An open letter to the movie going public

I consider myself a Die Hard movie patron, I hope you are Die Hard 2, and I have noticed a Clear and Present Danger in the movie viewing experience.

There seems to be no Sense and Sensibility to the thought processes of my fellow movie goers and the theaters themselves. I have been to the movies in the last month almost as many times as I’ve been to class and I have noticed a general lack of common sense and civility. 

First of all I paid My Left Foot just to get in the door and For a Few Dollars More I might be able to eat.
This is another issue I have with going to the movies.  Price of concessions has gone From Here to Eternity.  An article on CNNMoney.com states that “A medium bag of popcorn costs just 60 cents to make but retails for $6, a whopping 900% markup.” I’m not Clueless, I know the movie biz is all about money, but apparently The Color of Money is “movie theater butter yellow”.

The second most offensive thing that can occur during a night out at the movies, besides paying for popcorn, is hearing the conversations of people during the movie itself. When I do go to the movies it is with The Usual Suspects-my best friends, and in our youthful exuberance we will on occasion talk during a movie.  We are aware of the people around us and never speak above a whisper aimed at an ear.  This sentiment has not passed on.

I have had to ask several people in the last few weeks to “please be quiet”. I hate doing this and I shouldn’t have to. You should know to keep your Jaws shut when in a movie theater.  We already have to deal with the White Noise of the popcorn bag and candy wrappers please don’t add your voice to the mix.

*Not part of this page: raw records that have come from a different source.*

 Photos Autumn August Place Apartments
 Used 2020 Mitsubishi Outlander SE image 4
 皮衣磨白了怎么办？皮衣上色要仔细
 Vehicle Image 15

I try to go to The Last Picture Show which is usually after midnight. I do this in hopes that there will be less people and definitely no babies. I am often wrong especially on the latter. Parents: if you can’t get a babysitter you don’t go out-period. The last thing I want to deal with at the 12:25am showing of action blockbuster “X” is the incessant cooing or crying of Rosemary’s Baby

Also, Dirty Harry, if you are going to the movies and are going to sit next to me please wear deodorant.
I write this because I want my movie going experience, as well as yours, to be A Night to Remember not because of the Inglorious Basterds who keep txting and talking in the movie but because the film itself is The Greatest Show on Earth. I would like to see the return of ushers to keep the peace so that my friends and I don’t have to become The Warriors.